The way Zen 5 implements 512-bit operations is not yet clear. It may simply be fusing ports fp0/fp1, like they do for stores, in one cycle instead of doing it sequentially. It wouldn't take much extra area. Nor extra power compared to a dense AVX2 loop.
And what we do have evidence for from Zen 5 changes to Linux and GCC suggests general pipeline improvements too. 8 wide dispatch from micro-op cache, 6 ALU and 4 AGU. The only confirmed change for FP is a second FP store unit which does suggest improved throughput of AVX2 and AVX512 programs.
And where did you get the idea it'd be 40% faster? Discredited RDNA3 hypebeasts on twitter?
Also, keep in mind there are many more attributes than just size, like latency, number of banks, bandwidth, etc. If the next generation is moved to a new node with different characteristics, it may be achievable with e.g. a larger cache without worsening the latency significantly.

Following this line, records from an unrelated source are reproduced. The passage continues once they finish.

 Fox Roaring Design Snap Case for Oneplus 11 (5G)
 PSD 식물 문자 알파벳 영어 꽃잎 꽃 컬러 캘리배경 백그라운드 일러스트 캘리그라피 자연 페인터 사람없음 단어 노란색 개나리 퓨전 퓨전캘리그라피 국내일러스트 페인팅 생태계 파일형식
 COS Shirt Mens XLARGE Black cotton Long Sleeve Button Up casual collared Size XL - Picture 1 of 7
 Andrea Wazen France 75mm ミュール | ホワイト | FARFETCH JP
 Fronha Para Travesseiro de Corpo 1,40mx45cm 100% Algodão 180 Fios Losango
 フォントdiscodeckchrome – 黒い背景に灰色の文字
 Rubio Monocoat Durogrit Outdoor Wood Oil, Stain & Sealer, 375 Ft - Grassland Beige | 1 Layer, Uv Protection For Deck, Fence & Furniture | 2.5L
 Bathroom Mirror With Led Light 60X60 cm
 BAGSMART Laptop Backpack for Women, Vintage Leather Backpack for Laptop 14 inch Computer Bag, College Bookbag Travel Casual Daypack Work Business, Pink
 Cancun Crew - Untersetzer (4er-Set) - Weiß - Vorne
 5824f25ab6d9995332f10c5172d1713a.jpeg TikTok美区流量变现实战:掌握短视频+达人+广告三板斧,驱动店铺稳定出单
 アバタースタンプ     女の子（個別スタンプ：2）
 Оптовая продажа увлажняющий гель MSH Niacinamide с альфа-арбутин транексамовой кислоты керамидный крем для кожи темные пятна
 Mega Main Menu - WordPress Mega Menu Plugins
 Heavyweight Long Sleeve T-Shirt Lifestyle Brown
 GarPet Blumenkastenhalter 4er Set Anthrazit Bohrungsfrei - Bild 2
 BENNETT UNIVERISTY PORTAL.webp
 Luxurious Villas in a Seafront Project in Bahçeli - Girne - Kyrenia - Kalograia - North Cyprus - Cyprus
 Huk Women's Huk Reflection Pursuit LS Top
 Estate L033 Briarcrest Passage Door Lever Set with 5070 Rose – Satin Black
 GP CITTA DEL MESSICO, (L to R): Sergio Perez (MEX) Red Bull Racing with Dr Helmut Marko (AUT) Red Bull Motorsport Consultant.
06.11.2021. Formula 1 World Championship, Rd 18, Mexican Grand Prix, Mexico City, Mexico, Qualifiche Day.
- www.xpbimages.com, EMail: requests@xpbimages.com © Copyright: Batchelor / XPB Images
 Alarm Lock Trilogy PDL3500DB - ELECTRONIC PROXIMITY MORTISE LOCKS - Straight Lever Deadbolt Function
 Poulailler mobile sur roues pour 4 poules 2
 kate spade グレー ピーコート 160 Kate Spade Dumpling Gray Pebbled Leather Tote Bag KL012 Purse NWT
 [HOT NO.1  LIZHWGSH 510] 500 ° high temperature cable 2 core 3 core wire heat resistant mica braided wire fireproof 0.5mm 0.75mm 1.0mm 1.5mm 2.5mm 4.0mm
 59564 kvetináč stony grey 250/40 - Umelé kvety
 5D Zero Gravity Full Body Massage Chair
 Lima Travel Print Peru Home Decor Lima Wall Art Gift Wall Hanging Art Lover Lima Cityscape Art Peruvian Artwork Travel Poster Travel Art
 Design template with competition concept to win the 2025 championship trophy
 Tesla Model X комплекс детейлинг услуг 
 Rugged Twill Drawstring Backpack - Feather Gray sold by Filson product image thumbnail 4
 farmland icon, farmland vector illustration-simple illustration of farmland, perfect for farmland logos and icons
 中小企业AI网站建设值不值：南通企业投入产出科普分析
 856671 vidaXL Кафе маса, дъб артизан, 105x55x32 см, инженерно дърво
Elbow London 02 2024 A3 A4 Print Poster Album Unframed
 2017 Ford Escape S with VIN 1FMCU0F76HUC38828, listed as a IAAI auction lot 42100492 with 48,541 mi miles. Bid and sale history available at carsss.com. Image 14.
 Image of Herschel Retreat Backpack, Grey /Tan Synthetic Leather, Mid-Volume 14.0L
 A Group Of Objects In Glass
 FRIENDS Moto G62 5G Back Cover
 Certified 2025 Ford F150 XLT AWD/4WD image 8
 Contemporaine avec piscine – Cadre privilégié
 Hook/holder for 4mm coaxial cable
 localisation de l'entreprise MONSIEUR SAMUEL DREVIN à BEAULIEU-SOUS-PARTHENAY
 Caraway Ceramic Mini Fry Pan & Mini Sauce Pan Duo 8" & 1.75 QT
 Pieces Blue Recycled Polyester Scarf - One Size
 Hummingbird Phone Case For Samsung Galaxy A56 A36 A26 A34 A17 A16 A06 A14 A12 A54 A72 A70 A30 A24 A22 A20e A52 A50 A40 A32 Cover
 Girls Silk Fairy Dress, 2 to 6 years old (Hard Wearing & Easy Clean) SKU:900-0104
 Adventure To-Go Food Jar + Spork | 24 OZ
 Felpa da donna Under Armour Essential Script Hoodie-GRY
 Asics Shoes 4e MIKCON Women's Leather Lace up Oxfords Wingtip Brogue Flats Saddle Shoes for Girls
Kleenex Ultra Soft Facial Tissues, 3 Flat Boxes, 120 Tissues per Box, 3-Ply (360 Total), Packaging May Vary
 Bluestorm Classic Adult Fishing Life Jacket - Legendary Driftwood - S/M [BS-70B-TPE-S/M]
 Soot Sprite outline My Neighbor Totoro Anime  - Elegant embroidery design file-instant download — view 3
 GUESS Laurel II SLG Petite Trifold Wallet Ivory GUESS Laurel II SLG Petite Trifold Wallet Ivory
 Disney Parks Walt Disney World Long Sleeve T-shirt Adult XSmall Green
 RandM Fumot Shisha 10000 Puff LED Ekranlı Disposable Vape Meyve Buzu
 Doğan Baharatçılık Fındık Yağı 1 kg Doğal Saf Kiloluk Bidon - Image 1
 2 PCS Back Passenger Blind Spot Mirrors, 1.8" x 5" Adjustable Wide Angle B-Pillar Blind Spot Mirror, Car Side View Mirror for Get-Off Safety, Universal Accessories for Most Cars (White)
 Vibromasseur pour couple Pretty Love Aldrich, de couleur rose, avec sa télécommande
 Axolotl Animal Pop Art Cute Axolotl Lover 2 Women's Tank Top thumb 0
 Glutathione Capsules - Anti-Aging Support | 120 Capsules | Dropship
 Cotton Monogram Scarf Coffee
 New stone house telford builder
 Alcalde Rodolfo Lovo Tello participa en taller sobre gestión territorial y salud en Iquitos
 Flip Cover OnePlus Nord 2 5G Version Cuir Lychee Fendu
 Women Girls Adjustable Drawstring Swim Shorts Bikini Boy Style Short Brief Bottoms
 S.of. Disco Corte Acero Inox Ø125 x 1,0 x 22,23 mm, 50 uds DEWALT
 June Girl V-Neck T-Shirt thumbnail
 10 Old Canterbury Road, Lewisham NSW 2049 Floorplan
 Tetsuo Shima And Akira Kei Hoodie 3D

Additionally, many heavy AVX workloads are more sensitive to bandwidth than cache size. I've often criticized the large L3, as it's a very "brute force" attempt to make up for shortcomings in the architecture, a sort of "band-aid" like you rightfully call it. But if Zen 5 is significantly better, especially in the front-end and scheduling of instructions, the usefulness of extra L3 may be actually reduced.
There will obviously still be the edge-case scenarios where the extra L3 shines (mostly very bloated code), but the overall gain is close to negligible, and it's such a waste of silicon for most uses. AVX certainly support integer operations too as you say, but I suspect SPECint isn't compiled to use it, although I haven't checked thoroughly. But even so, modern CPUs do auto-vectorize in some cases, but I don't know if the front-end will be fast enough to vectorize more than 4 64-bit or 8 32-bit ops (per vector unit, so 2x) per clock. I suspect it will be very underutilized in reality, but still, in the worst case with AMD having their vector units on separate execution ports, it will allow each vector unit to work as a single ALU. Or probably split, so each FMA-pair as ALU+MUL. (whether it's worth it in power draw is uncertain)
When the prick has a long track record of deleting all his BS leak videos when they don't come true.
Longer cadence with more features and performance on the same established platform as the last gen. This is a big reason I buy AMD.
Nevermind that the slide turned out to be fake, you are drawing a conclusion based on wholly incomplete information. As usual with these kind of rumors and "leaked" slides, they are designed to generate clicks and engagement like what you've provided here. Don't fall for it, wait for official info to draw an informed conclusion.
Silly leaks aside this should finally be a very exciting year for HEDT CPUs.